D’autant que la violence et l’injustice ne s’arrêtent pas quand cesse la vie. nous sommes lié-es à des mort-es parfois discrèt-es et oublié-es, parfois maltraité-es, instrumentalisé-es ou nié-es, et certaines vies sont jugées peu dignes d’être pleurées. _Face aux divers usages sont iels sont l’objet, nous n’envisageons pas toujours que les défunt-es puissent avoir leur mot à dire ou opposer une résistance. Pourtant, les mort-es se faufilent dans nos gestes, individuels ou collectifs, dans les rituels qui nous lient à l’au-delà - quoi que cela veuille dire pour chacun-e.

"Feu Follet" est ainsi hanté par le XIXème siècle occidental, dont les avancées technologiques (telles que la photographie et le télégraphe) ont souvent été une occasion de se mettre à l’écoute de signes spectraux d’un nouveau type, dans l’espoir de communiquer avec les mort-es.

Tout comme les spectres - ni absents ni tout à fait là, toujours à venir ou à revenir - les "disparu-es" n’en finissent pas de réapparaître, celles et ceux qui "nous ont quitté-es" rechignent parfois à vraiment partir. "Feu Follet" est ainsi traversé par le besoin incessant de ne pas jeter les fantômes dans le néant, soucieux, comme Chris Marker le formulait de "s’opposer au travail des pouvoirs qui nous veulent sans mémoire". L’exigence d’une politique mémorielle ne se limite pas au souvenir, elle est affaire de trace à collecter et à suivre, de présences à inviter et à choyer.
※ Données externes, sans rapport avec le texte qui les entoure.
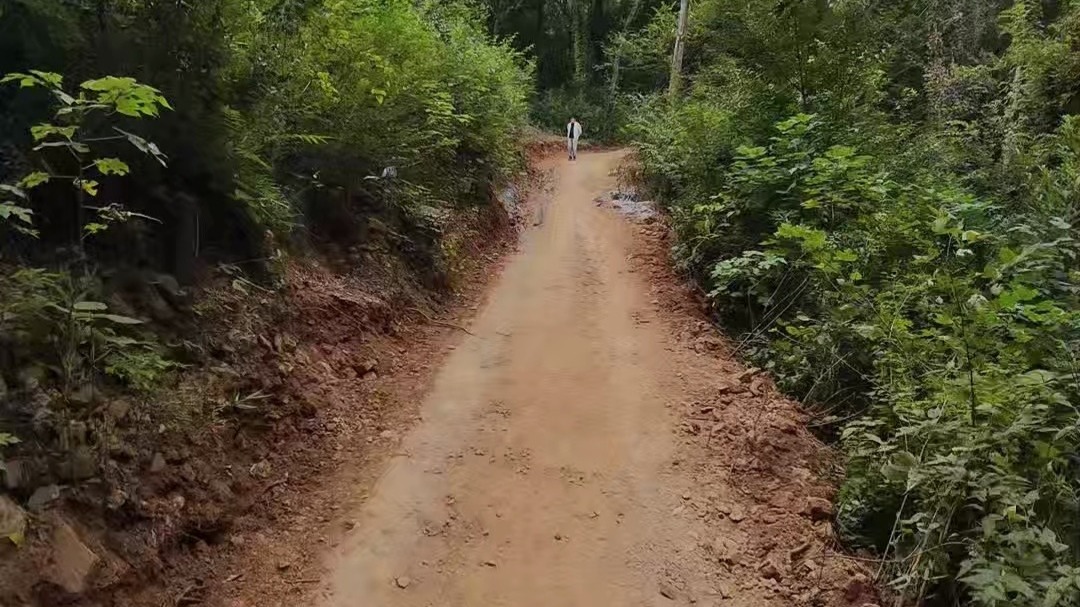 无锡惠山森林公园北坡初级山地车线路分享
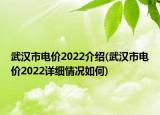 武漢市電價(jià)2022介紹(武漢市電價(jià)2022詳細(xì)情況如何)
La nuit tombe, la veillée débute."
Extrait de l’édito, Jef Klak, 2022.

A l’antenne :

Lecture de la première partie de l’édito en exergue, suivi des pièces :

Le Visage et les mains, Emilie Mousset, 12’10
Dans l’entre deux qu’est la chambre mortuaire, on (p)répare les corps avant leur présentation aux vivant-es. Entre silences et précision des gestes, soigner les mort-es pour aider ceux et celles qui restent, devant la densité d’un corps en train de disparaître.
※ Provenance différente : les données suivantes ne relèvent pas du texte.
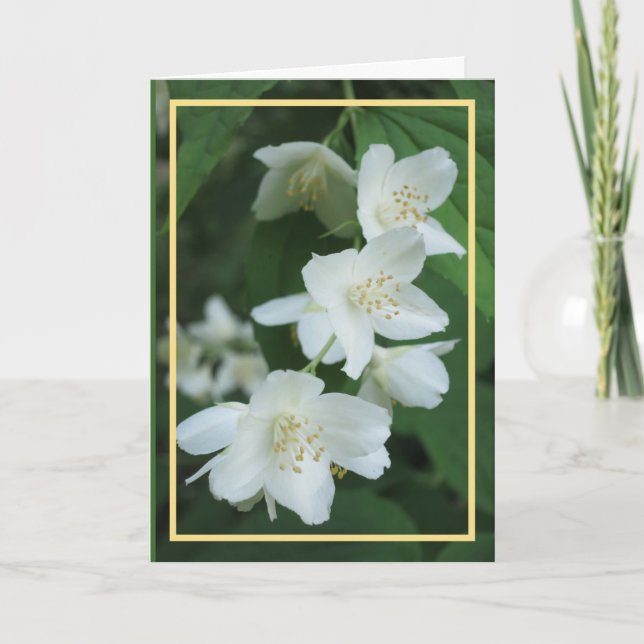 Eleganter moderner Jasmine-Blume Foto Goldener Rah Karte (Vorderseite)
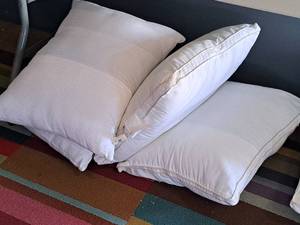 lot 202 image: Lot of (4) Assorted Pillows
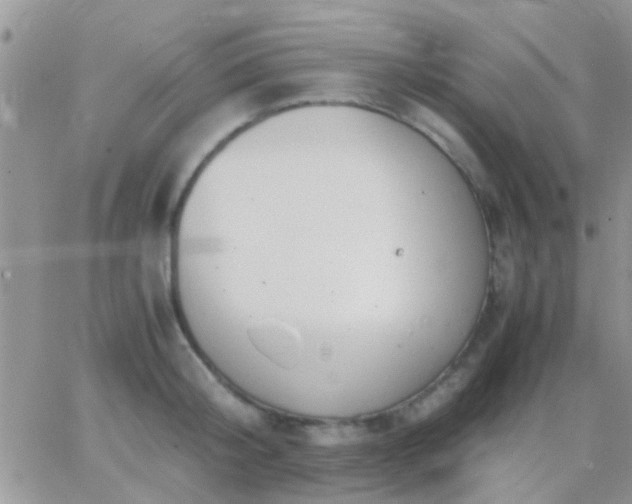 X0000065240804200602242023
Tendres Spectres, Anne-Line Drocourt, 6’11
Dans les hésitations, les souffles des vivant-es, on recolle, entre petites cuillères et pools de torse, les discrets indices laissés au quotidien par nos tendres spectres.

Schtrolle, Mélanie Gentilhomme 18’30
Schtrolle, c’est le surnom donné à cet enfant à naître. Qui n’en est pas encore un. Schtrolle, pour dire ce qui est en train de prendre forme dans l’utérus. Ce qui commence même à bouger. C’est une grossesse. Et puis, à cinq mois, Schtrolle s’arrête de vivre à l’intérieur.

ITC Experiment, Benoît Déchaut 10,53
Dans un vieux moulin à eau, on raconte qu’il est possible d’entendre des voix. J’aimerais enregistrer ces sons hantés, mais comment faire ? Il existe une technique spirite - l’ITC - qui consiste à utiliser ondes radio et bandes magnétiques pour y imprimer la voix des mort-es. Je tente le coup.

Comme s’il y avait une troisième chaise pour elle , Aude Rabillon, 14’42
J’enregistre trois ami-es qui me racontent leur lien avec leur amie Pauline - morte. C’est un caillou à plusieurs facettes. Un kaléidoscope. Je le fais tourner dans ma main et en creux, des brillances, des éclats - comme s’il y avait une troisième chaise pour elle.